Relevance for other cancer types

Our research shows that PM2.5 is involved in the promotion of lung cancer specifically. However, it also provides important evidence to help understand the mechanisms of PM2.5 travelling beyond the lungs. PM2.5 is capable of travelling around the body, reaching and simultaneously damaging multiple tissues directly. Pollutants more generally are also capable of causing indirect damage to tissues, resulting in systemic inflammation.

While our findings are specific to lung cancer, other studies have suggested that air pollution is associated with increased mortality risk for several types of cancer. These include breast, liver and pancreatic cancer.

Credit: Ella Evanescu, Unsplash

 

Relevance for tumorigenesis models

This research also has considerable implications for our current understanding of tumorigenesis models.

There are currently 126 Class 1 carcinogens classified by the International Agency for Research on Cancer (IARC).
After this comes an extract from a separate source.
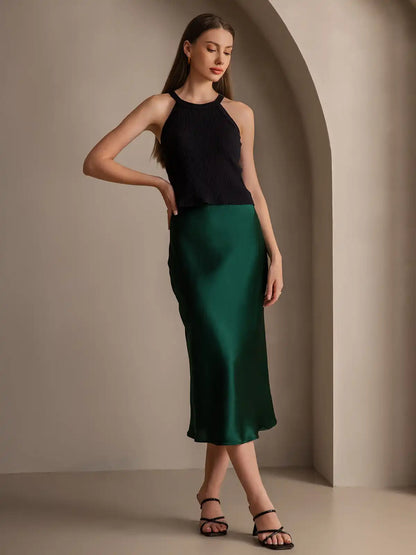 100% Mulberry Silk Stretch Long Straight Skirt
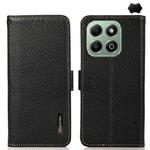 For Honor X6b KHAZNEH Side-Magnetic Litchi Genuine Leather RFID Phone Case(Black)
A recent study found that 17 of 20 tested Class 1 carcinogens promoted cancer without increasing the number of mutations. However, it is not definitively known how many of these Class 1 carcinogens act via a tumour promotion mechanism.

We are currently lacking the assays and laboratory methods necessary to determine if all of these carcinogens (alongside other as yet unidentified agents) could act via a similar mechanism. Deciphering exactly how these carcinogenic agents operate at the molecular level would help to identify additional opportunities for cancer prevention intervention.

Credit: IARC, WHO

 

Relevance for cancer prevention – looking ahead

Cancer prevention work should remain focused on reducing exposure to known risk factors. These include tobacco smoking, alcohol and excessive UV exposure. However, understanding the molecular mechanisms by which these exposures act may pave the way for therapeutic intervention in individuals at high risk of developing certain cancers.

We hope that a more in-depth understanding of the intricate inflammatory pathways at play – and of their effects on cancer in its earliest stages – may allow us to develop new molecular prevention strategies in the future. Large-scale cancer prevention trials are necessary for collecting this level and volume of data. These require large cohorts of individuals, together with long study periods for identifying any clinically significant effects. Gathering robust evidence will therefore require considerable time, funding and research collaboration.

Nevertheless, we hope to build on existing work to help target and tackle cancer as early as possible, to give the greatest chances for survival and a minimised impact on longer-term quality of life.

 

The views expressed are those of the author. Posting of the blog does not signify that the Cancer Prevention Group endorses those views or opinions.